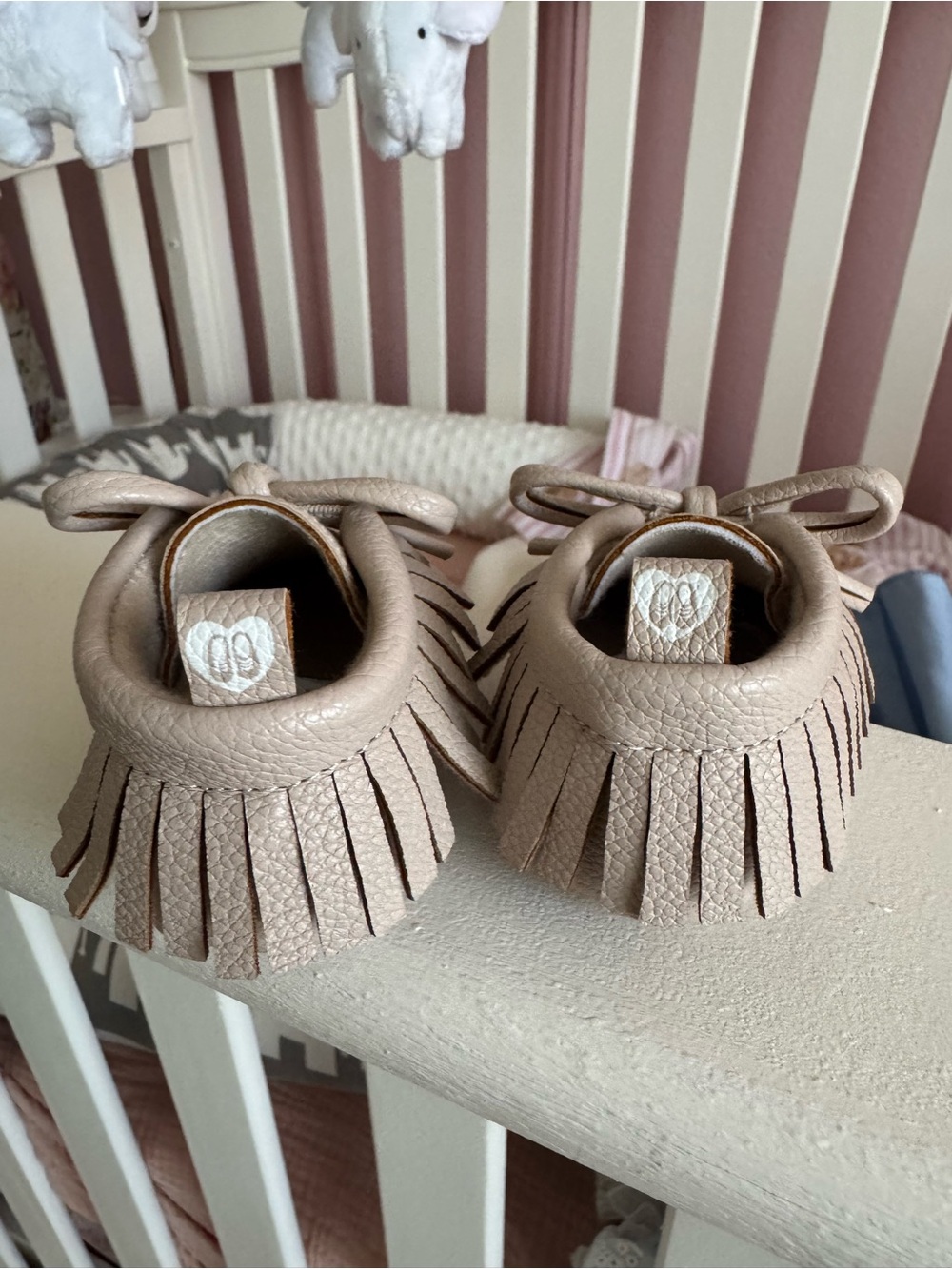 Toddler Fringe Moccasins in Taupe - Soft Leather Slip-Ons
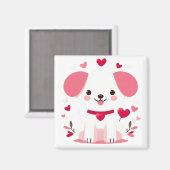 Aimant Petit chiot de la Saint-Valentin (Recto/Verso)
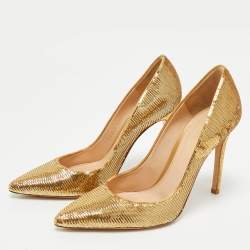 Gianvito Rossi Gold Sequins Gianvito Pumps Size 36.5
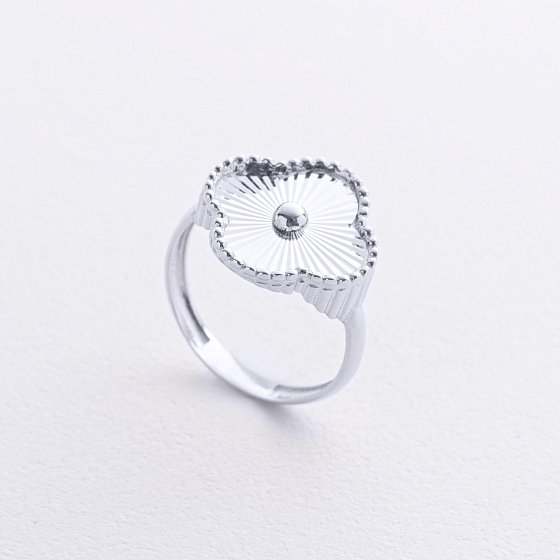 Кольцо "Клевер" в белом золоте к08208 №2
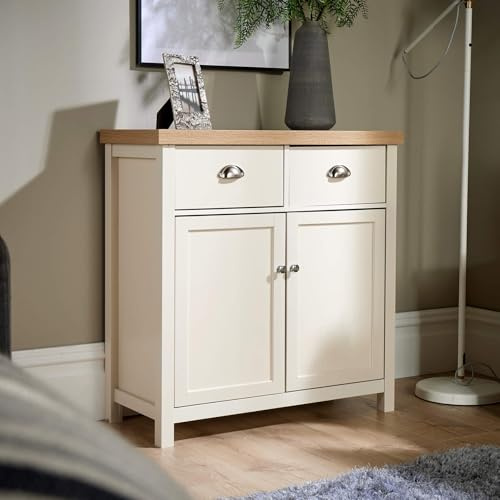 Home Source 2 Door 2 Drawer Sideboard Storage Cupboard with Metal Handles, Oak Effect, White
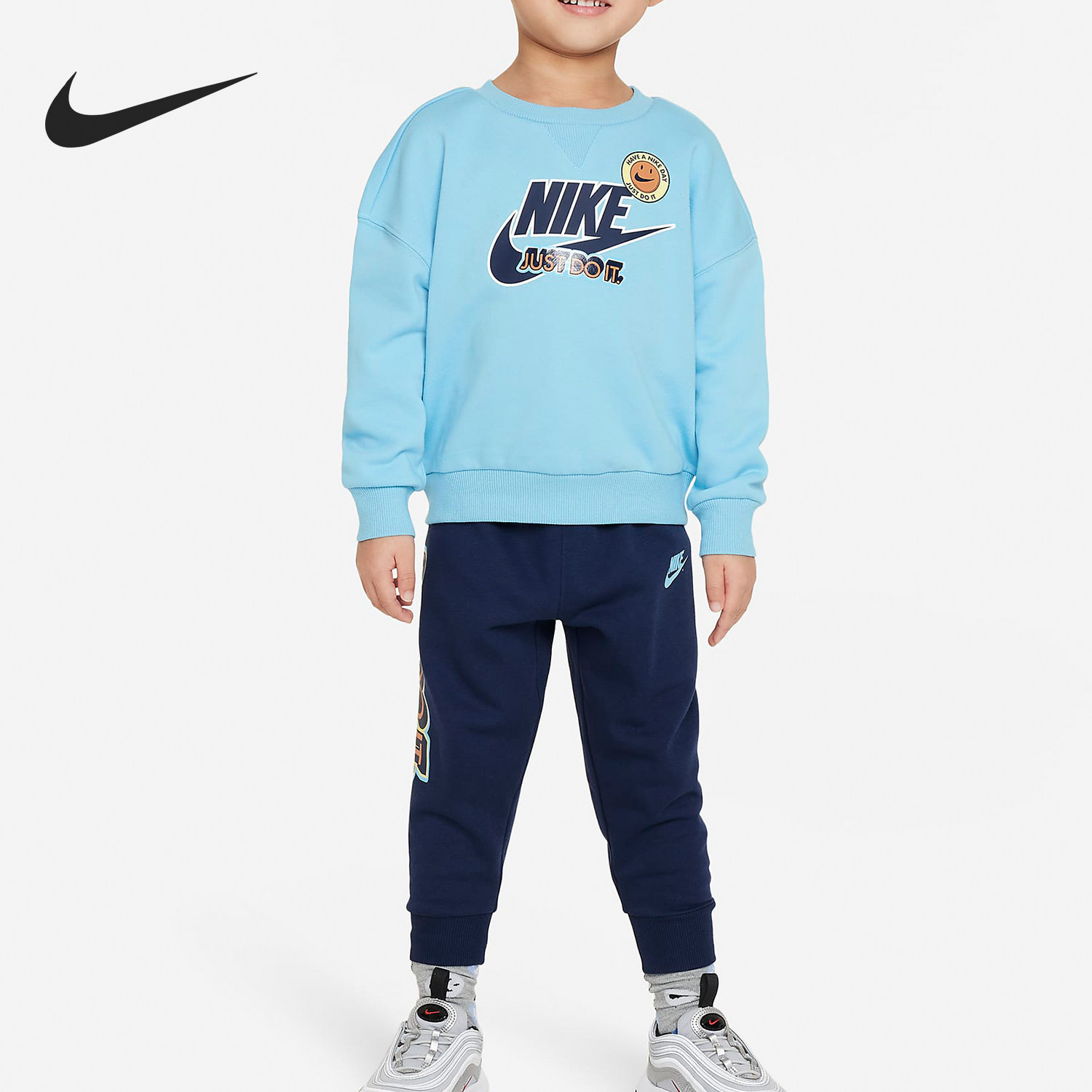 Nike/耐克正品春季新款婴童针织圆领卫衣卫裤套装HF7071-410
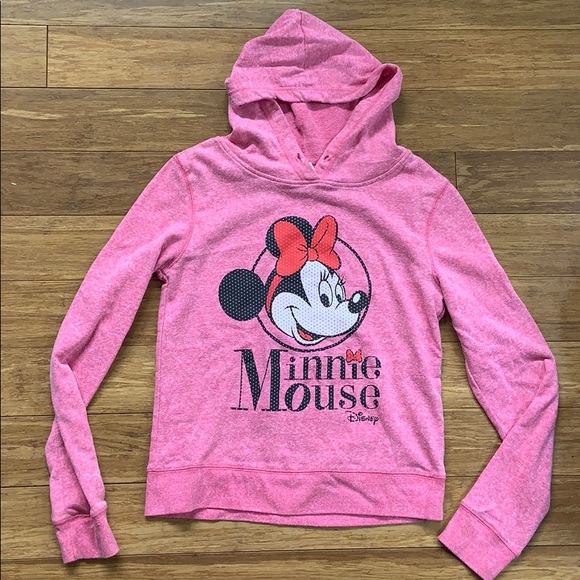 ☀️ 3/$36 or 2/$30 DISNEY Minnie Mouse Heathered Pink Hoodie sz Small - Picture 1 of 2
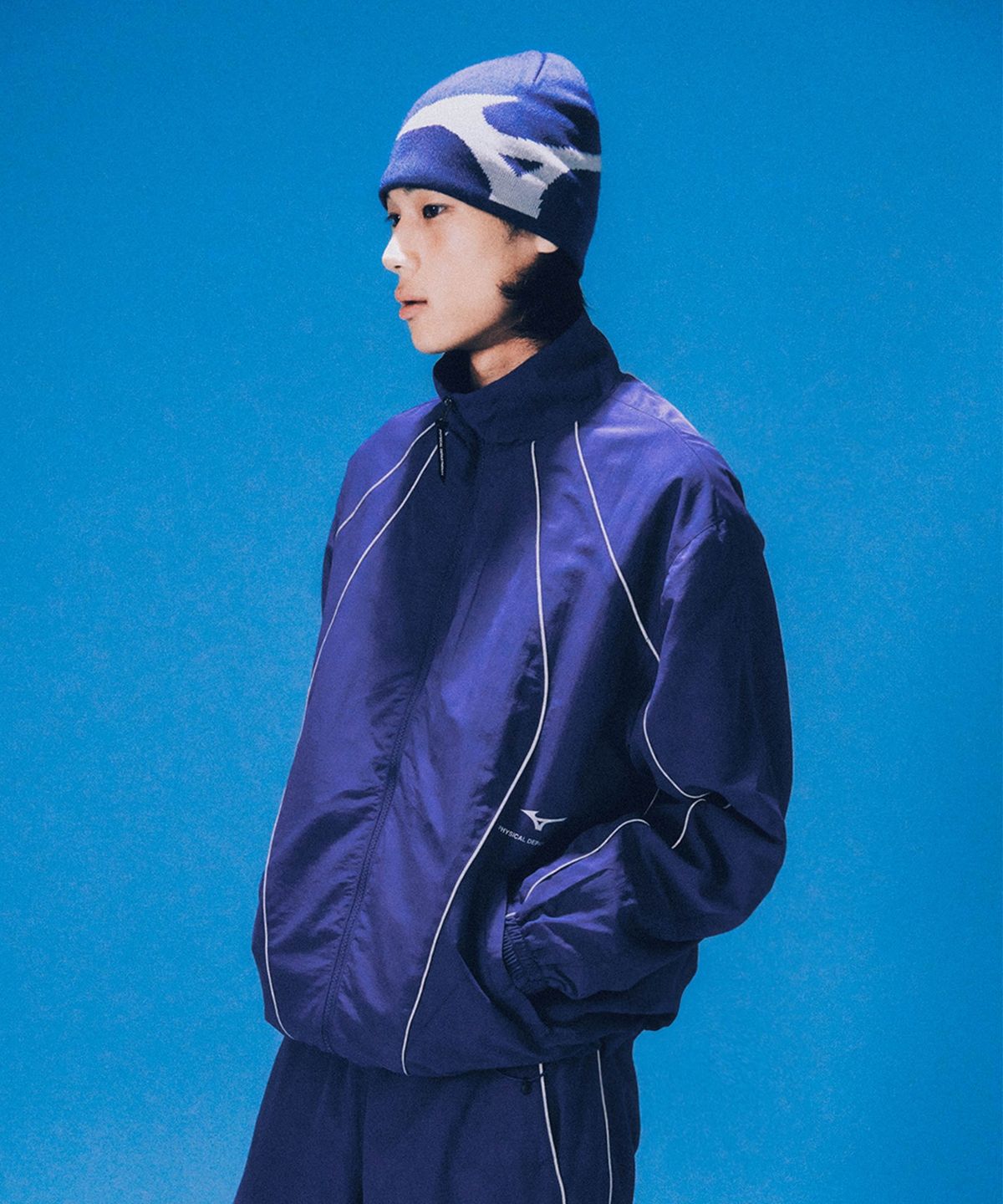 피지컬 디파트먼트(PHYSICAL DEPARTMENT) 피뎁트 X 미즈노 2WAY 파이핑 트랙자켓 블루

-.-.-

Return every line shown above without changing a word, and skip the pictures.

OUTPUT BELOW —
 Toddler Fringe Moccasins in Taupe - Soft Leather Slip-Ons
 Aimant Petit chiot de la Saint-Valentin (Recto/Verso)
 Gianvito Rossi Gold Sequins Gianvito Pumps Size 36.5
 Кольцо "Клевер" в белом золоте к08208 №2
 Home Source 2 Door 2 Drawer Sideboard Storage Cupboard with Metal Handles, Oak Effect, White
 Nike/耐克正品春季新款婴童针织圆领卫衣卫裤套装HF7071-410
 ☀️ 3/$36 or 2/$30 DISNEY Minnie Mouse Heathered Pink Hoodie sz Small - Picture 1 of 2
 피지컬 디파트먼트(PHYSICAL DEPARTMENT) 피뎁트 X 미즈노 2WAY 파이핑 트랙자켓 블루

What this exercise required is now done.